System Failure is Inevitable: Your system will break. Understand the difference between fault prevention and recovery, and why state-of-the-art approaches can completely interrupt a test when they inevitably fail.
Maximizing Field Time: Learn to practice the whole activity (from packing to data evaluation) to reduce your workload during testing so you can actually relax and enjoy the view.
PART 2 - Beyond Hard-Coded Control: The Evolution from Classical State Architectures to Embodied AI in Robotic Autonomy with Behnam Moradi
Explore the theory and mechanisms of the Embodied AI paradigm and why Behavior Trees are a structural improvement, not a cognitive one.
Redefining Safety in Autonomy: Move past the misconception that more code equals more safety.

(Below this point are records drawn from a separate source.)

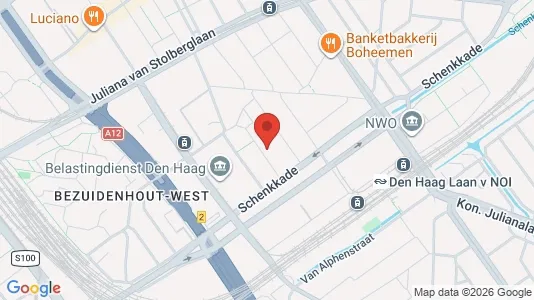 Apartments for rent i The Hague Haagse Hout - kort over placeringen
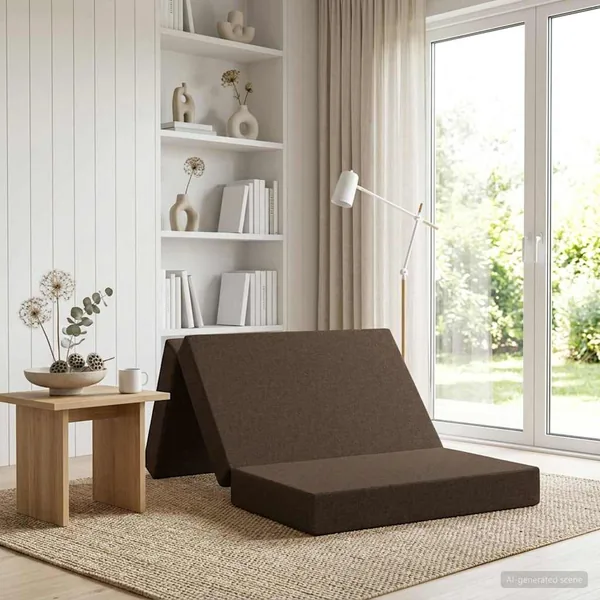 Canapé-lit pliable 80 x 67 x 45 cm Taupe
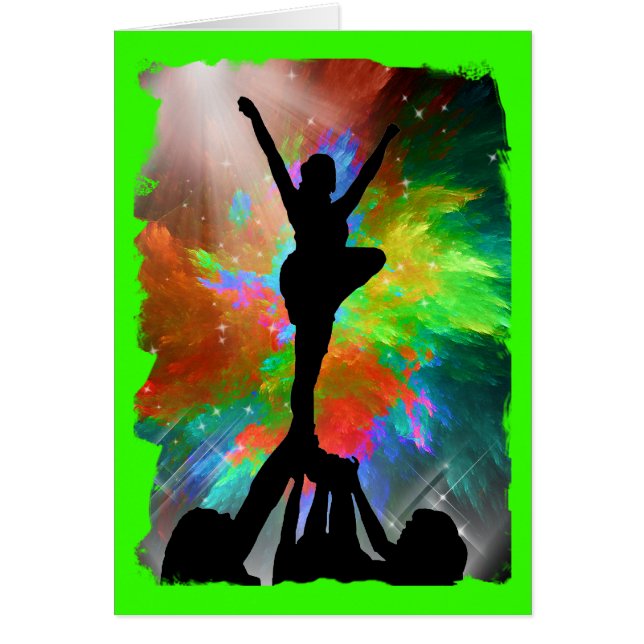 Colorburst Background with Cheerleraders (Front)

Learn why modern robotics safety relies on probabilistic safety layers and dynamic replanning rather than the massive if-else chains of classical "absolute determinism".
Coding Goal-Seeking Behaviors: Stop viewing uncertainty as a bug to be fixed. Learn to code "goal-seeking behavior" that respects constraints instead of trying to hard-code a specific path for every environmental state.
From Loops to Graphs: Shift your mindset from a linear execution loop ("Who is running now?") to the distributed graph of nodes required in ROS 2 ("What data is available now?").
The True Role of Simulation: Understand that with tools like PX4 and AirSim, you do not test on hardware to see if the software works; you test on hardware to validate that the simulation was accurate.
Agent vs. Controller: Make the architectural leap from building a classical controller that merely regulates a variable to designing an Agent capable of making decisions based on a mission.
Meet Your Speakers
Alec Krawciw
Alec is a fourth-year PhD candidate at the University of Toronto Autonomous Space Robotics Lab and a Vanier Scholar. Holding an undergraduate degree in Mechanical Engineering from the University of Victoria, his work focuses on developing and testing autonomous vehicles in unstructured environments. His field experience ranges from water and snow to lunar analogue environments, and his current PhD research centers on coordinated driving algorithms for Canada's upcoming Lunar Utility Vehicle.
Behnam Moradi
Behnam is a Senior Software Engineer specializing in the architectural evolution of Robotic Autonomy and Embodied AI. Holding a Master's in Control Systems Engineering, his career marks a progression from deterministic control systems to the dynamic, unstructured challenges of autonomous navigation. His current work focuses on moving beyond rigid, hard-coded state machines and Behavior Trees toward priority-driven, mission-oriented agents capable of real-time decision-making in complex environments.
Hosted By: Diana Gomez Galeano
Diana studied Mechanical Engineering at McGill University and previously served as Director of McGill Robotics. She has moderated and hosted numerous technical events, bringing together researchers, engineers, and students to explore the frontiers of emerging technologies, robotics, and Physical AI.
Frequently Asked Questions
Who is this event for?
This session is designed for undergraduate robotics teams, graduate researchers, and industry systems engineers who want to understand the practical challenges of deploying autonomy stacks in the real world.
Is there a Q&A?
Yes! Bring your specific roadblocks and architecture questions. Both Alec and Behnam will be available to answer questions regarding both hardware deployment and software design.